**Assignment**
Begin your copy at the line holding "Lewis Hamilton (England" and end it at the last line of the listing. Keep every line exact and leave out the pictures.

**The data**

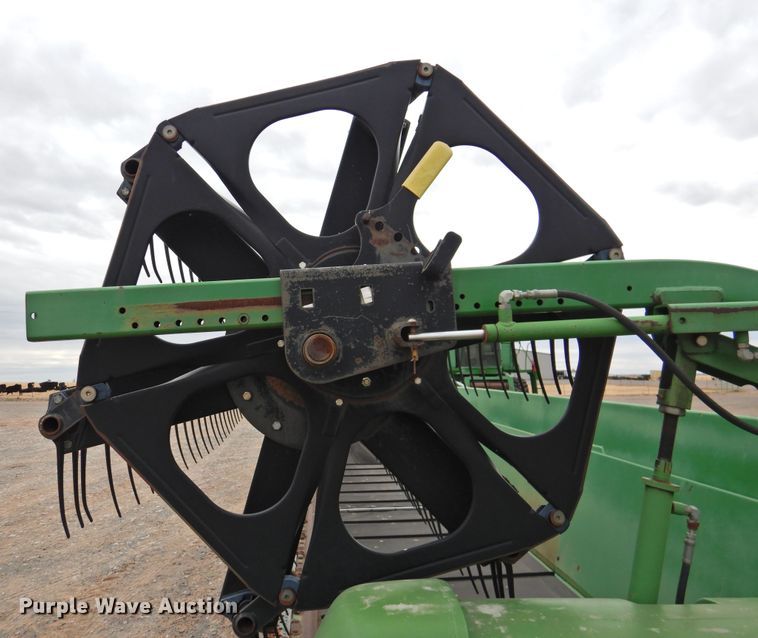 image for item DG1624 John Deere 936D  draper head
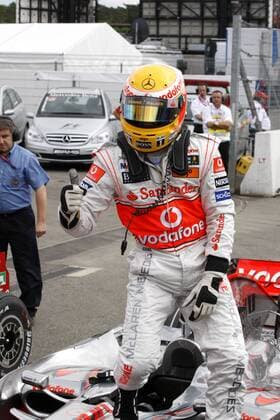 Lewis Hamilton (England McLaren Mercedes) jubelt über die soeben eroberte Pole Position Motorsport Grand Prix Herren Großer Preis von Deutschland 2008, Formel 1 Weltmeisterschaft, F1, F, GP, WM Einzelbild Hockenheimring Hockenheim Freude,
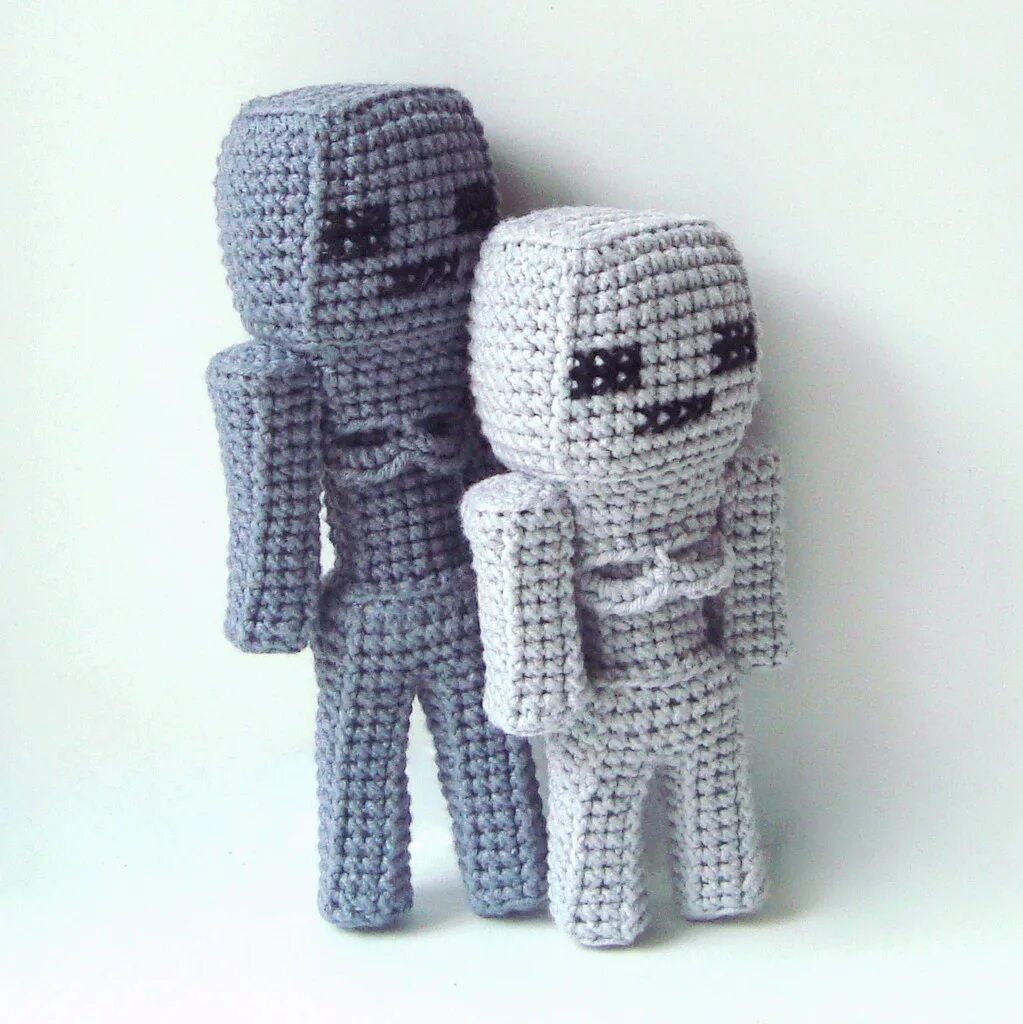 Вязаные игрушки из майнкрафта. Амигуруми схемы. Зомби из майнкрафта игрушка. Нубик игрушка. Вязаные игрушки из майнкрафта.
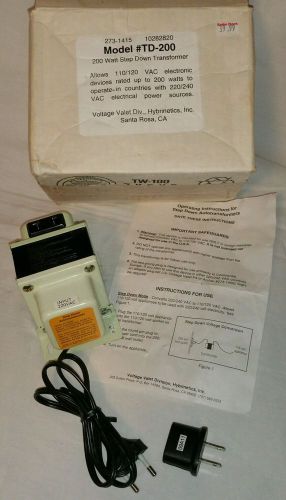 HYBRINETICS Model TC-200 Step Down Autotransformer 200 WATTS w/Adaptor Plug, NEW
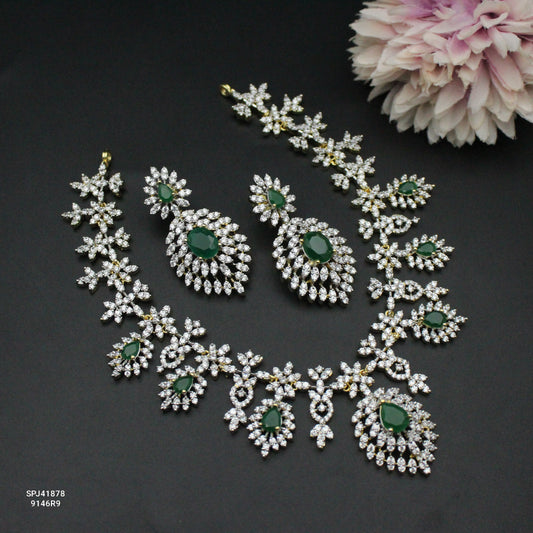 41878 GJ Short Necklace Set Green With Screw Back Earrings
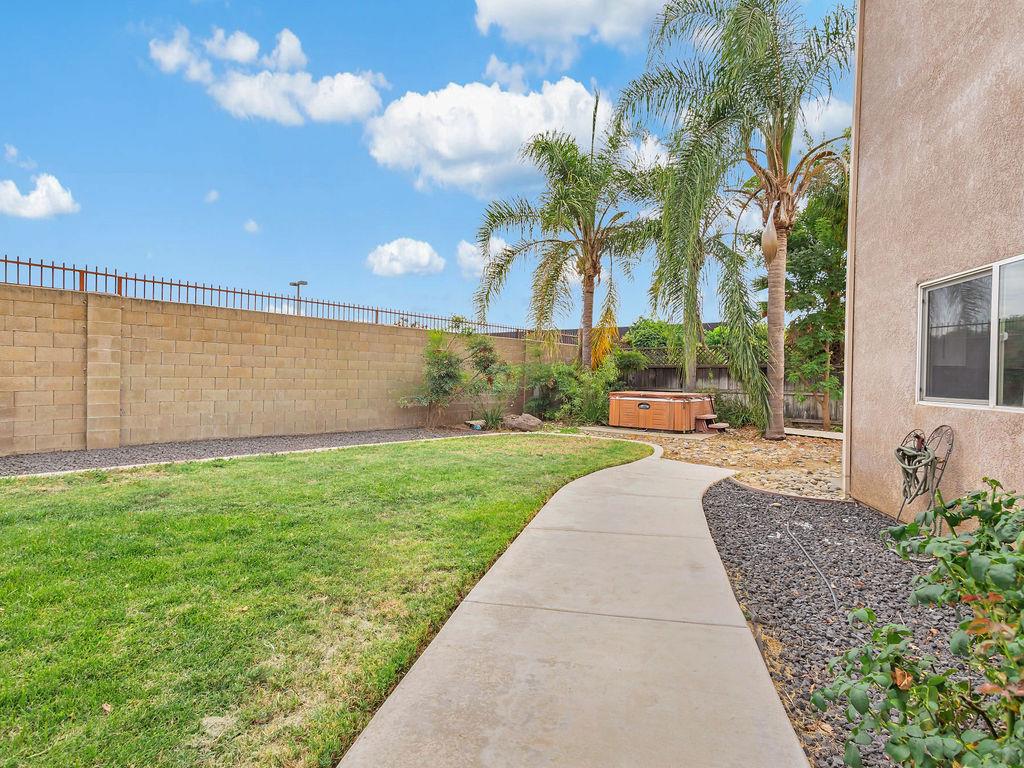 2248 Cherry Tree Ln, Riverbank, CA 95367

**Solution to this problem**
 Lewis Hamilton (England McLaren Mercedes) jubelt über die soeben eroberte Pole Position Motorsport Grand Prix Herren Großer Preis von Deutschland 2008, Formel 1 Weltmeisterschaft, F1, F, GP, WM Einzelbild Hockenheimring Hockenheim Freude,
 Вязаные игрушки из майнкрафта. Амигуруми схемы. Зомби из майнкрафта игрушка. Нубик игрушка. Вязаные игрушки из майнкрафта.
 HYBRINETICS Model TC-200 Step Down Autotransformer 200 WATTS w/Adaptor Plug, NEW
 41878 GJ Short Necklace Set Green With Screw Back Earrings
 2248 Cherry Tree Ln, Riverbank, CA 95367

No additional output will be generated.